Modern processors employed in computer systems use various techniques to improve their performance. One of these techniques is commonly referred to as “multithreading.” Multithreading allows multiple streams of instructions, commonly referred to as “threads,” to be executed. The threads may be independent programs or related execution streams of a single parallel program or both.
Processors may support three types of multithreading. The first is commonly referred to as “coarse-grained” or “block multithreading.” Coarse-grained or block multithreading may refer to rapid switching of threads on long-latency operations. The second is commonly referred to as “fine-grained multithreading.” Fine-grained multithreading may refer to rapid switching of the threads on a cycle by cycle basis. The third type of multithreading is commonly referred to as “simultaneous multithreading.” Simultaneous multithreading may refer to scheduling of instructions from multiple threads within a single cycle.
Modern processors, such as a simultaneous multithreading (SMT) processor, may include a prefetch engine configured to prefetch data from memory, e.g., main memory, prior to the time the data is requested by the processor. The data prefetched from memory, e.g., main memory, may be speculatively prefetched based on the principle that if a memory location is addressed by the processor, the next sequential address will likely be requested by the processor in the near future. The data prefetched may be loaded in a data cache.
The location in main memory as to where to prefetch data may be determined by addresses stored in registers, commonly referred to as “prefetch registers.” These prefetch registers may also include information regarding the size and direction of the prefetched data in main memory. The size may refer to the size of the contiguous block of data to be prefetched. The direction may refer to whether the contiguous block of data is to be prefetched from main memory at the address stored in the prefetch register and upwards or is to be prefetched from main memory at the address stored in the prefetch register and downwards.

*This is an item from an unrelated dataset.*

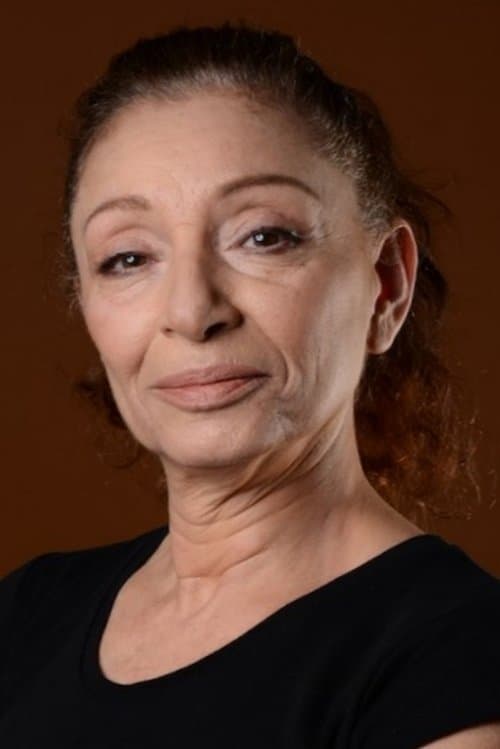 Aytaç Öztuna image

The information regarding the address, size and direction of the prefetched data may be provided in multiple instructions, referred to herein as “prefetch instructions.” One prefetch instruction may provide the address of where to prefetch the data in main memory. Another prefetch instruction may provide the size and direction. Further, these prefetch instructions may specify a particular prefetch register into which to insert the information contained in the instruction. Another prefetch instruction may indicate to the prefetch engine to prefetch the data from main memory using the information provided in a particular prefetch register.
In a multithreading processor, these prefetch instructions may be from multiple threads. If a particular prefetch instruction included information, e.g., address of the prefetched data, from a first thread, e.g., thread T0, to be stored in a particular prefetch register and another prefetch instruction included information, e.g., size and direction of the prefetched data, from a second thread, e.g., thread T1, to be stored in that same particular prefetch register, then undesirable results may occur such as prefetching the wrong data from main memory. That is, inconsistent data may be stored in a prefetch register when prefetch information from multiple threads are stored in the same prefetch register. In particular, a multithreading processor may provide for a single thread mode of operation and multithread mode operation wherein the processor switches to execute instructions from two threads, rather than safely from a single thread. The aforementioned inconsistency may arise when the mode switches because one thread may have put data into a prefetch register and the second thread could include an instruction that puts data into the same register.
Therefore, there is a need in the art to prevent at least in part inconsistent prefetch information from being stored in a prefetch register.